= LIRNEasia =

LIRNEasia (Learning Initiatives on Reforms for Network Economies Asia) is an information and communication technology (ICT) policy and regulation think-tank active in the Asia Pacific region. The organization is incorporated under Sri Lankan law as a non-profit organization. It was launched in September 2004 under the leadership of Professor Rohan Samarajiva.

== Research and activities ==
LIRNEasia conducts policy research on information and communications technology and related infrastructure sectors. Since 2012, this has included work on using big data for public policy.

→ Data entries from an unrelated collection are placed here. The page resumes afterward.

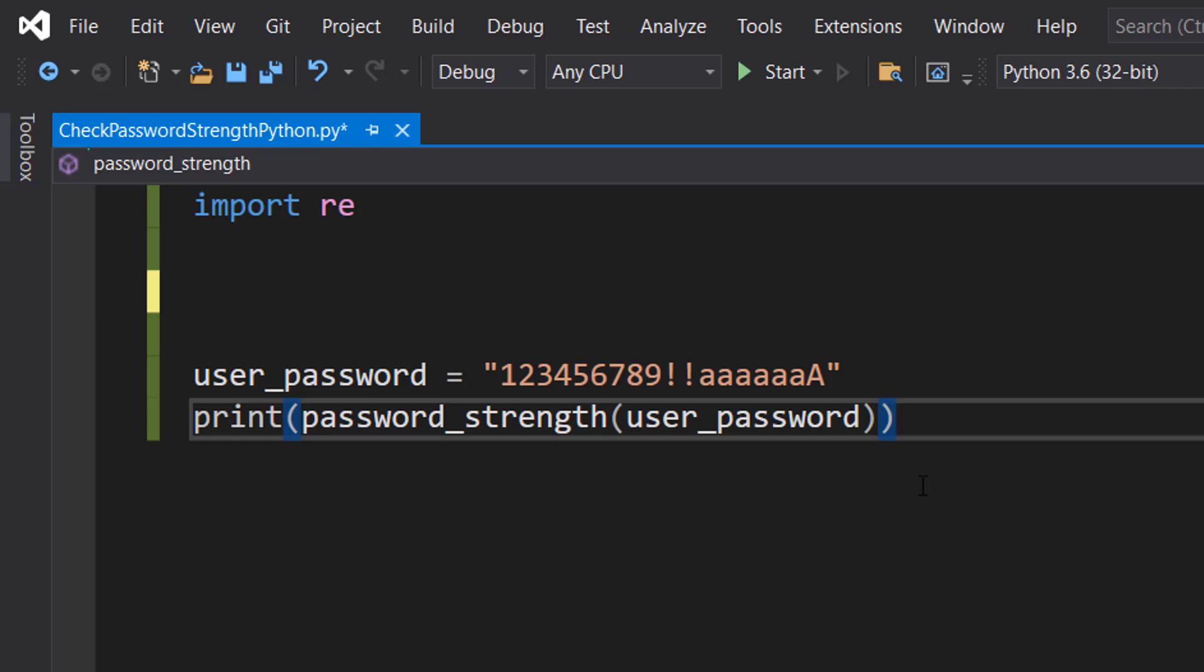Greetings, it's Maxo Diddly here and today I am going to be showing you how to check the strength of a password using Python. So let's get right into it.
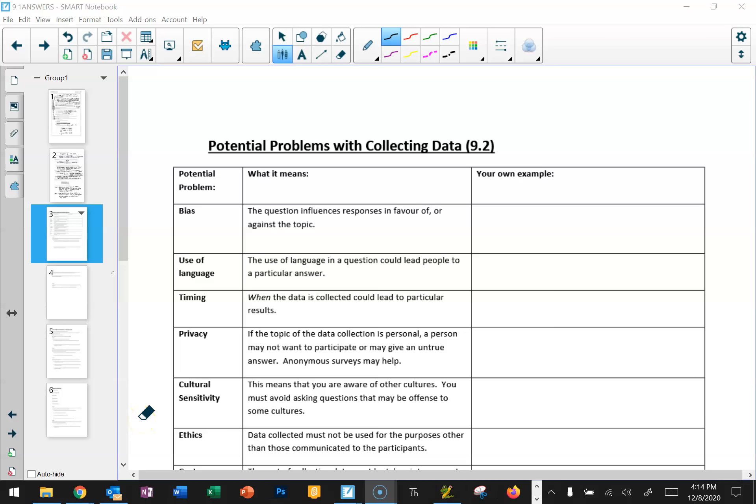Hi, Grade 9s, and welcome to 9.2, Potential Problems with Data Collection. We talked a bit at the end of 9.1 about how statistics can be manipulated by people to serve their own agendas. In a similar vein, the way that we collect data is also subject to bias. You have to be very careful when you're conducting research that you word your questions and conduct your surveys and data collection in a way that doesn't artificially skew the data to a certain point of view.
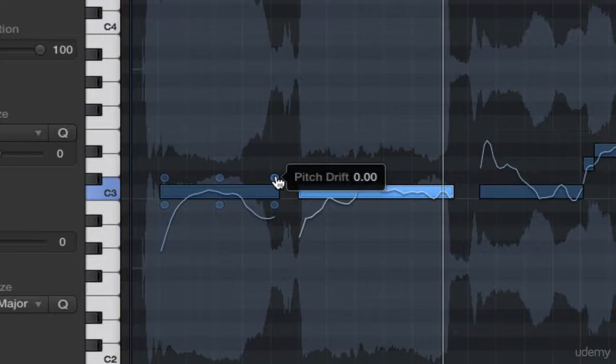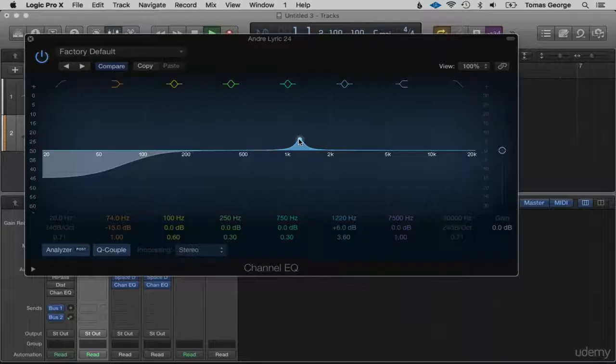Then we're going to have a look at flex time, flex pitch, and an overview of mixing. After all this, in the bonus section we'll also give you a discount code for my complete Logic Pro X course if you want to take your learning even further. So make sure you enroll and I'll see you in the course.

The organization conducts demand-side surveys to measure ICT access and usage. For example, its 2017 survey in Pakistan found that 69% of the population aged 15-65 were not aware of the internet, highlighting a significant usage gap. It also conducted the sole institutional survey assessing internet usage of the Indian government's rural broadband initiative, BharatNet. beyond telecommunications, its Human Resources Research Program published CHOICES – Higher Education Opportunities after A/Levels, a directory profiling 56 institutions and 258 alternative higher education courses in Sri Lanka.

Its research includes analyzing the economic impact of technology. A 2014 systematic review of over 8,000 studies concluded that mobile network coverage in rural areas significantly improves market efficiency and employment.

CEO Helani Galpaya was appointed to the board of the Global Partnership for Sustainable Development Data in 2017.